Description of the task
Print the entire listing below word for word, excluding its pictures.
[[ Collected material open ]]
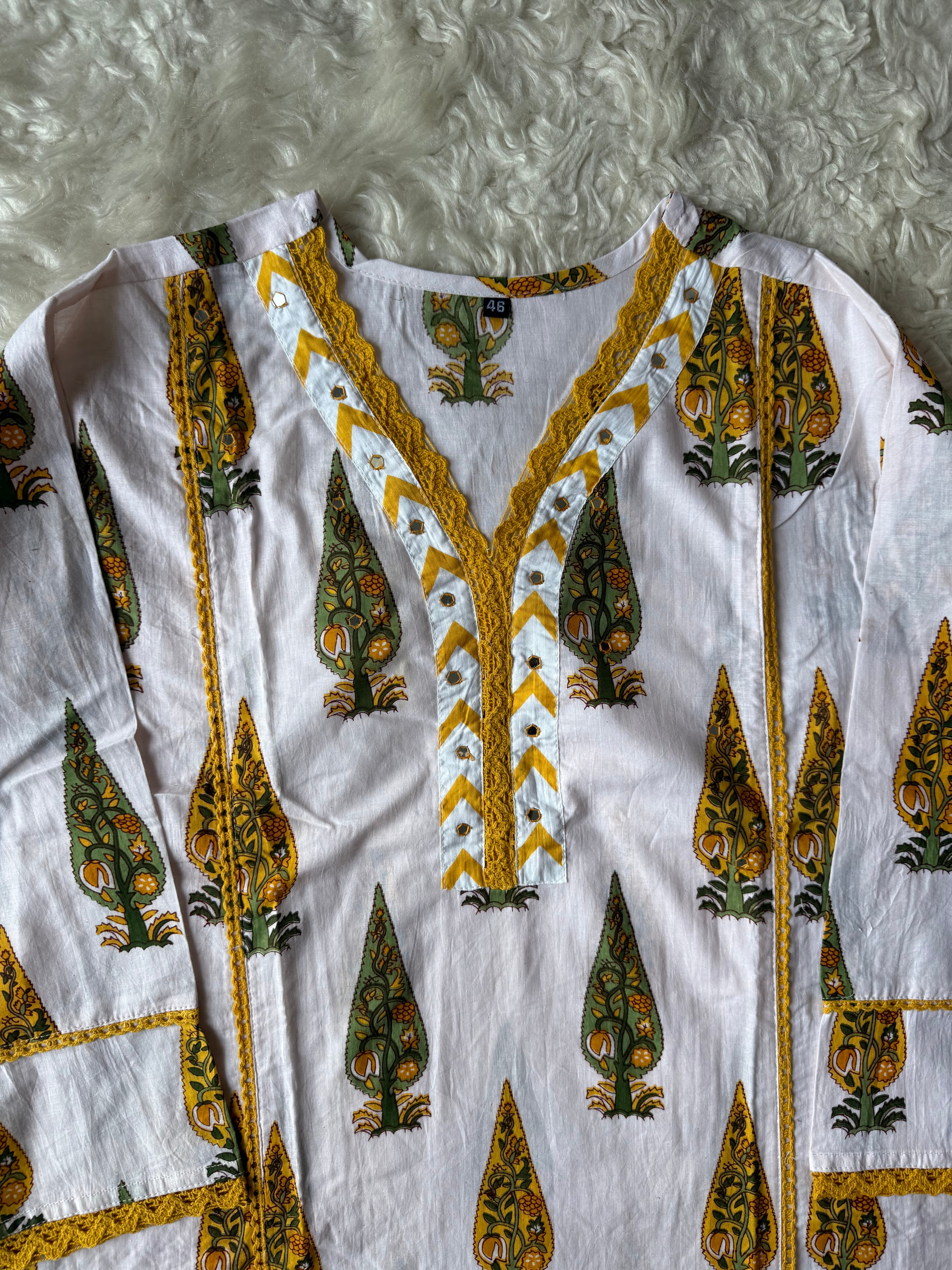 Cotton Kurti Pant Set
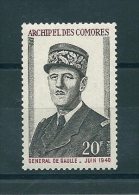 Timbre Des Comores - Neuf Sans Charnière - Anniversaire De La Mort Du Général De Gaulle - Ungebraucht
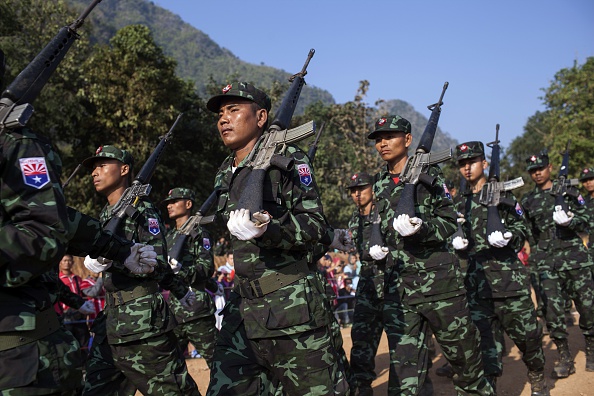 -Illustration- Le KNLA est la branche armée de l'Union nationale karen (KNU) et aurait entre 3 000 et 5 000 combattants actifs dans ses rangs. Photo KC Ortiz/AFP via Getty Images.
[[ Collected material closed ]]
Written solution
 Cotton Kurti Pant Set
 Timbre Des Comores - Neuf Sans Charnière - Anniversaire De La Mort Du Général De Gaulle - Ungebraucht
 -Illustration- Le KNLA est la branche armée de l'Union nationale karen (KNU) et aurait entre 3 000 et 5 000 combattants actifs dans ses rangs. Photo KC Ortiz/AFP via Getty Images.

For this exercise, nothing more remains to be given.